— DATASET CONTENT —
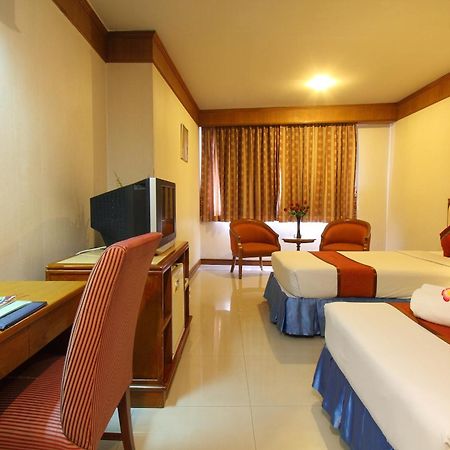 Silom Avenue Inn Bangkok Kültér fotó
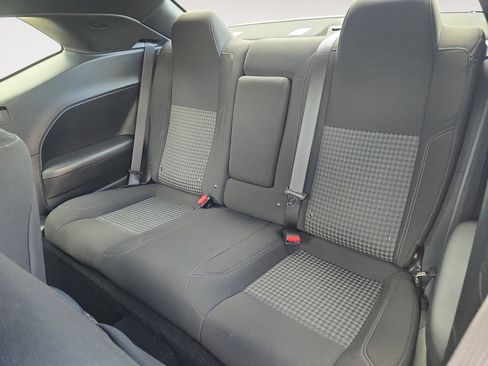 Used 2023 Dodge Challenger SXT w/ Blacktop Package image 9
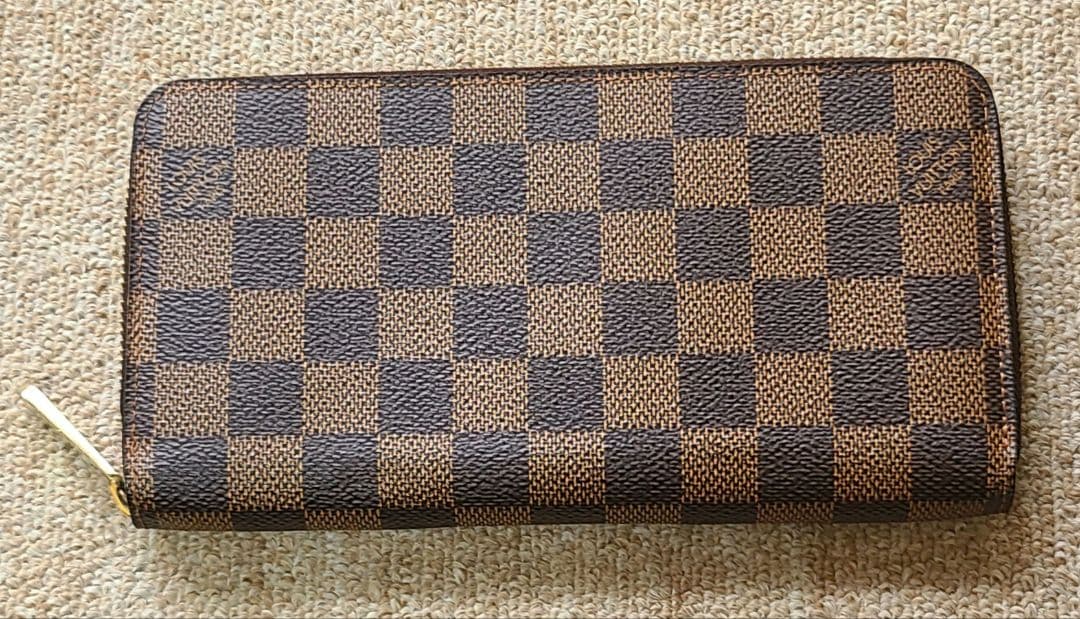 LOUIS VUITTON ダミエ長財布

— EXERCISE —
Your copy of the listing should match it exactly, apart from the pictures, which are left out.

— TASK SOLUTION —
 Silom Avenue Inn Bangkok Kültér fotó
 Used 2023 Dodge Challenger SXT w/ Blacktop Package image 9
 LOUIS VUITTON ダミエ長財布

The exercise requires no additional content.